= The Dunstable Sailplane Company =

The Dunstable Sailplane Company was established in 1934 by W.L. Manuel and C.H. Latimer-Needham to design, manufacture and repair gliders from its workshop at Barton-Le-Clay Airfield in Bedfordshire.

The Dunstable Kestrel was manufactured by the company from designs by W.L. Manuel in 1935; production was limited to one sailplane with a British Gliding Association id of G221. Records comment that G221 was purchased by a trainee pilot who was still in his early stages of training with a primary glider. This Dunstable Kestrel passed to the Norfolk & Norwich Aero Club and crashed in 1938, however W.L. Manuel drew up plans for home builders which were offered for sale at the cost of £6. 6s.
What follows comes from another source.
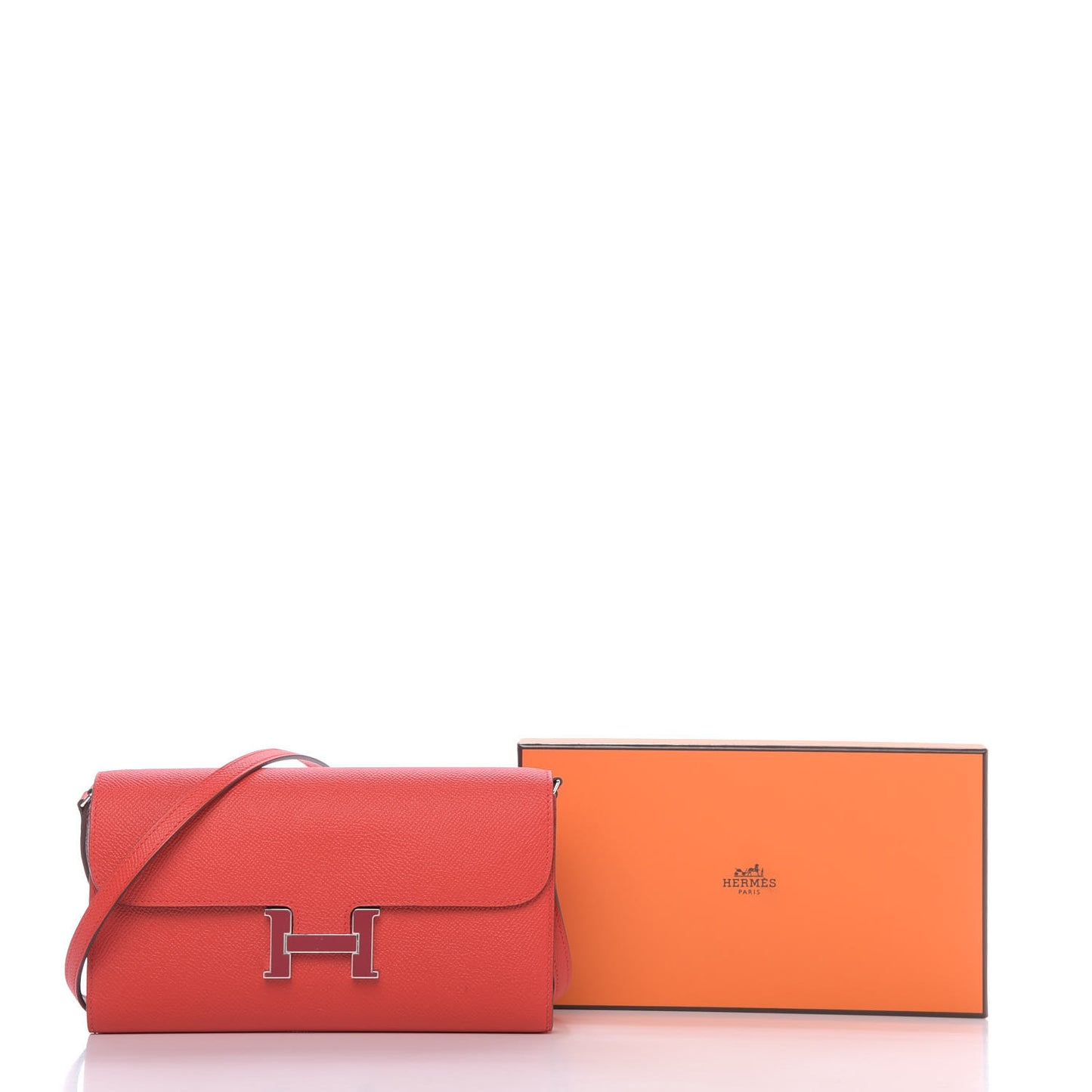 Epsom Enamel Constance Wallet To Go Rouge De Coeur Rubis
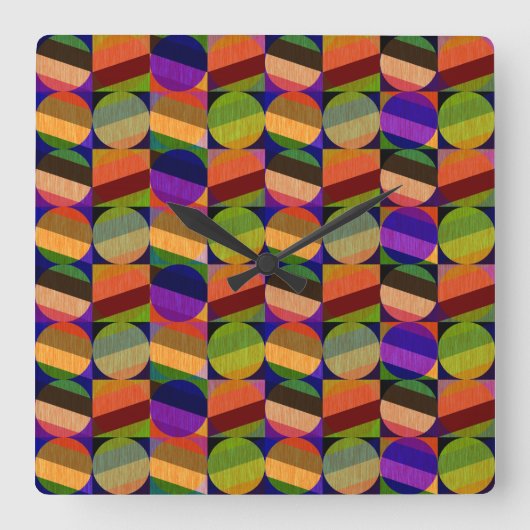 Kleurrijk  geïnspireerd patroon vierkante klok (Voorkant)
W.E. Godson purchased a set of plans and built a second British Kestrel whilst three more Kestrels were built in Australia by R. New, R. Basillie and the last by P. Pratt. Whilst no remains exist of the British built aircraft all three Australian-built ones are in museums.

W. L. Manuel was born William Lancelot Manuel in 1903; parish records list his birthplace as Malling, Kent. Manuel spent his early life working at RAF Hawkinge Kent with 25 Fighter Squadron, He was a key member in the establishment of the Channel Gliding Club (1930), and built an estimated 14 aircraft over his 84-year life. William Manuel retired in 1965 from the AC Cars company of Thames Ditton; it is thought he was the company's chief planning engineer on retirement.